### SOURCE MATERIAL
Start of Block
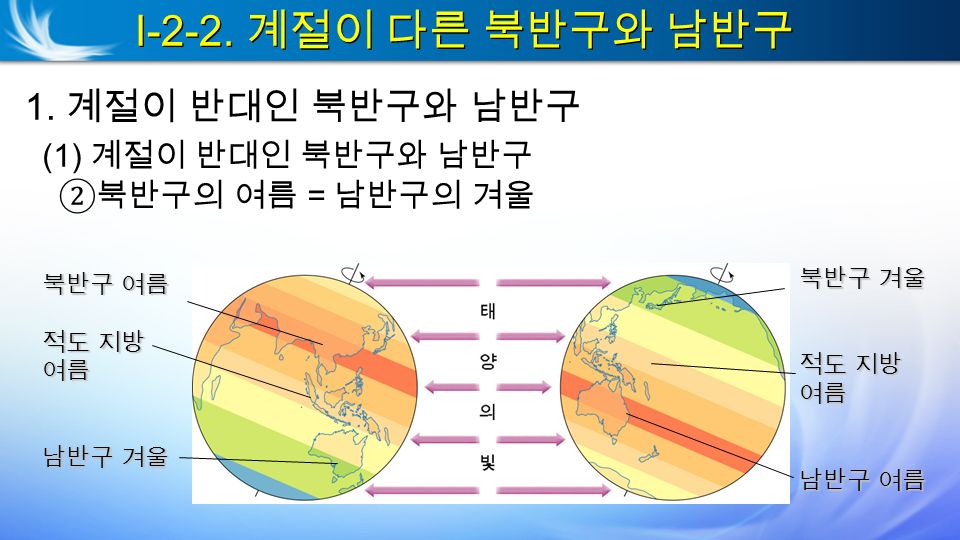 I-2-2. 계절이 다른 북반구와 남반구 1. 계절이 반대인 북반구와 남반구 (1) 계절이 반대인 북반구와 남반구 ①원인 : 지구의 자전축이 23.5° 기울어진 채 회전하기 때문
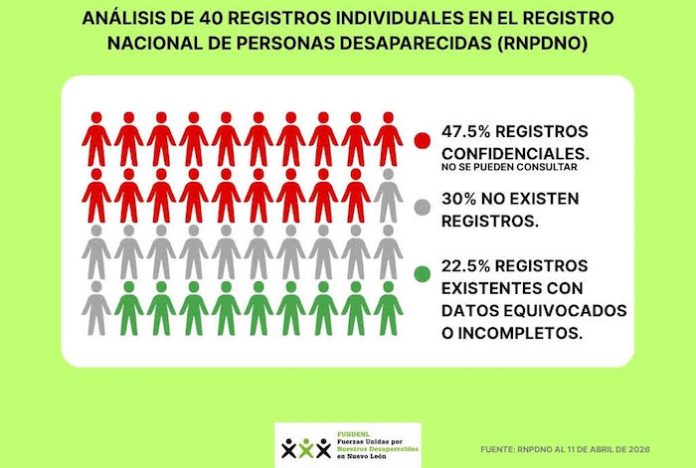 FUNDENL advierte opacidad y rezago en el Registro Nacional de Personas Desaparecidas; familias siguen sin acceso claro a información de casos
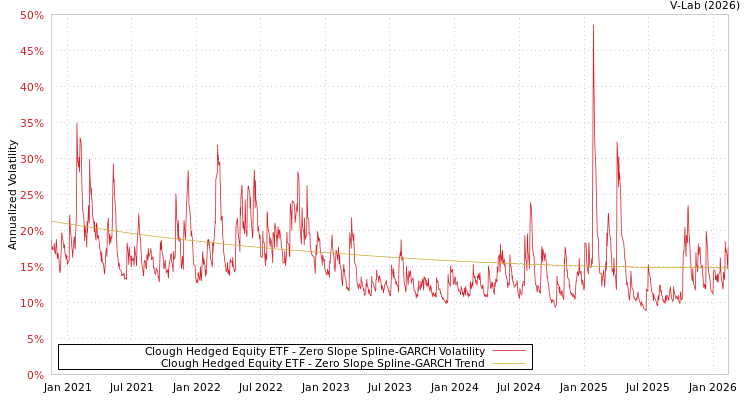 graph of Clough Hedged Equity ETF S0GARCH
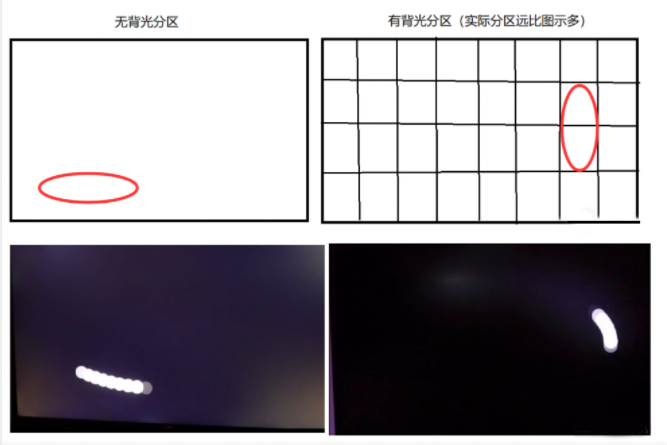 TCL打造QLED新物種，全新顯示技術推動LED再進化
End of Block
### THE TASK
What you return should be the whole listing, word for word, without its pictures.

### RESULT
 I-2-2. 계절이 다른 북반구와 남반구 1. 계절이 반대인 북반구와 남반구 (1) 계절이 반대인 북반구와 남반구 ①원인 : 지구의 자전축이 23.5° 기울어진 채 회전하기 때문
 FUNDENL advierte opacidad y rezago en el Registro Nacional de Personas Desaparecidas; familias siguen sin acceso claro a información de casos
 graph of Clough Hedged Equity ETF S0GARCH
 TCL打造QLED新物種，全新顯示技術推動LED再進化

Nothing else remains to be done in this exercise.